SEBI Norms for Credit Rating Agencies

What is the issue?

  • Securities and Exchange Board of India (SEBI) has released a new framework for financial disclosure by credit rating agencies (CRAs).

BACKGROUND

  • Credit Rating Agencies (CRAs) are companies that evaluate the financial condition of issuers of debt instruments.
  • CRAs assign a rating that reflects its assessment of the issuer’s ability to make the debt payments.
  • Rating is denoted by a simple alphanumeric symbol. E.g.

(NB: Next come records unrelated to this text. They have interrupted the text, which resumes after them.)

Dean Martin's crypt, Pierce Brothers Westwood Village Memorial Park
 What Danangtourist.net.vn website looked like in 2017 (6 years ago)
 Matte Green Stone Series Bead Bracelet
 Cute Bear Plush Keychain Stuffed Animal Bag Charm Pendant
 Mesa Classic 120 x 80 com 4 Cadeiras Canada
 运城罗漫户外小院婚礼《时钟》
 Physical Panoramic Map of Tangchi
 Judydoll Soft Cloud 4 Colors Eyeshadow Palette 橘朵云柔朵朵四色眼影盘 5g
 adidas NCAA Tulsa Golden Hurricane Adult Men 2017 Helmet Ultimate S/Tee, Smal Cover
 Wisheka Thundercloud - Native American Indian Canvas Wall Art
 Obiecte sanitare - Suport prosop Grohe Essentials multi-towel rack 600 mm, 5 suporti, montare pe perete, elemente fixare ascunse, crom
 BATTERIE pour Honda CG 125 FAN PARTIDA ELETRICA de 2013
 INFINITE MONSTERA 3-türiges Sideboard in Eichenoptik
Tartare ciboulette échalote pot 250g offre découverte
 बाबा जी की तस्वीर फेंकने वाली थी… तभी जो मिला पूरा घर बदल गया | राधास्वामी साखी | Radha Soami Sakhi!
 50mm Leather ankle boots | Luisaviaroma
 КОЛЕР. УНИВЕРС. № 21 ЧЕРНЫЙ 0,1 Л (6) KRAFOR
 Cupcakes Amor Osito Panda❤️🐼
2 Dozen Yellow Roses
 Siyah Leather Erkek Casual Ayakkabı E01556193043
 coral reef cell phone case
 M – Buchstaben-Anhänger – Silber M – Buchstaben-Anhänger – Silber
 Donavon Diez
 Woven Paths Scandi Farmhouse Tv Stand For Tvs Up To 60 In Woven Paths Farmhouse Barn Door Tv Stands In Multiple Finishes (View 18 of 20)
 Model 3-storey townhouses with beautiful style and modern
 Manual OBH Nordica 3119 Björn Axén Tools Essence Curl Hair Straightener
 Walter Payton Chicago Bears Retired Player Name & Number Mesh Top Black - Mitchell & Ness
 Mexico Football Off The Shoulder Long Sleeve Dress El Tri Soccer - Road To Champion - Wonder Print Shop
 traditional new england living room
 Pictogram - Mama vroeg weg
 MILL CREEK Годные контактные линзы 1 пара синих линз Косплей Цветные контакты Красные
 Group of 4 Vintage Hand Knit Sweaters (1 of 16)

AA+, A-, etc.
  • In India, CRAs are regulated by SEBI (Credit Rating Agencies) Regulations, 1999 of the Securities and Exchange Board of India Act, 1992.
  • The entities that are rated by credit rating agencies comprise companies, state governments, non-profit organisations, countries, securities, special purpose entities, and local governmental bodies.
  • Some of the key CRAs in India include –
  • Credit Rating Information Services of India Limited (CRISIL)
  • ICRA Limited
  • Credit Analysis and Research limited (CARE)

DISCUSSION

Issues related to Credit rating agencies

  • Ideological biases: CRAs might favour certain political ideologies to limit negative policy and market surprises as they strive to keep ratings stable over the medium term.
  • A panel analysis of Standard & Poor’s, Moody’s, and Fitch’s rating actions for 23 OECD countries from 1995 to 2014 shows that left executives and the electoral victory of non-incumbent left executives are associated with significantly higher probabilities of negative rating changes.
  • Conflict of interests: CRAs are funded by the very companies they rate.
  • Lack of ability to predict: CRAs follow the market, so the markets alert the agencies of trouble. This happens post-market and after something has happened. This is the reason for CRAs inability to predict frequent near default, default, and financial disasters.